Changement de voiture au bureau avant de se rendre en France. La mienne est trop voyante. Gala prend le volant. Elle conduit à l’Italienne, pousse les vitesses, fait crisser les pneus. Ce n’est pas le jour. Le moindre paltoquet administratif exerçant sont droit de contrôle pourrait me conduire en cellule. Je lui demande de ralentir. Tu ne vas pas me dire comment conduire? Elle fait rugir le moteur sur la route de Bellegarde. A deux pas du poste de gendarmerie, il y a un magasin de sport. Je me suis mis en tête d’aller acheter une pelle (pour enterrer les pâtes au Lac noir), des shorts de boxe et des haltères.

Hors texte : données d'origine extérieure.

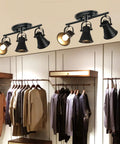 Three Light Black Track Lighting Kit With Rotatable Heads in a closet setting for industrial ceiling light application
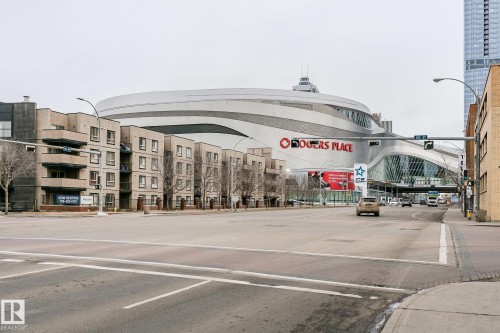The property is situated within a vibrant urban setting, featuring multi-story residential buildings - 107 10118 106 Avenue, Edmonton, AB - Outdoor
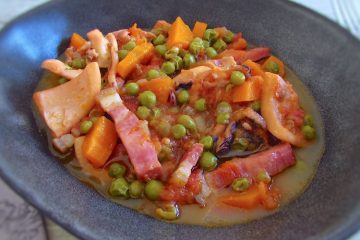 Cuttlefish with peas and carrots on a dish bowl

Gala reste sur le parking. Je file en tapinois, jette un oeil dans les allées du magasin. Le temps presse: il va être midi et nous venons déposer de l’argent à la banque, laquelle ferme à midi. Je dépose des articles dans mon panier: lanterne, maillot, tabouret, pelle, chaussettes, et rejoins la voiture les yeux au sol. Gala démarre. Il pleut. Pour une fois, c’est utile. Lorsque Gala range la voiture contre la banque rue de la République, je m’affaisse sur le siège côté passager, la pluie fait le reste. Dans Bellegarde et invisible. A l’approche de midi, remue-ménage dans la ville. Bus scolaires, ouvriers, buralistes, heure de la soupe. En face de la voiture, le bâtiment qui abrite les bureaux des huissiers (ceux-là mêmes qui ont bloqué mon compte la semaine dernière et ont volé l’argent qui y était déposé) et celui de l’avocate (dont la ligne de défense, lors du procès, a été de conseiller: dîtes que vous regrettez et rien d’autre, ne dîtes surtout pas la vérité!). Au bout de dix minutes Gala revient. Dix minutes de travail pour déposer de l’argent. Régime aberrant des banques françaises: vous faites leur métier (remplir des fiches, glisser l’argent dans une enveloppe, glisser l’enveloppe dans un tiroir), la banque vous facture des frais pour ce travail qu’elle vous délègue et, de concours avec l’Etat, vous vole au nom de la loi — je ne parle pas de l’usure, je parle de la façon dont elle dispose de votre argent comme s’il était le leur). Toujours la pluie. Et cette-fois, contre nous. Faute de visibilité, lorsque Gala reprend le volant, elle recule brusquement et heurte la voiture stationnée derrière elle. Le conducteur remonte le trottoir. Gala ouvre sa portière, fait signe qu’elle va parlementer.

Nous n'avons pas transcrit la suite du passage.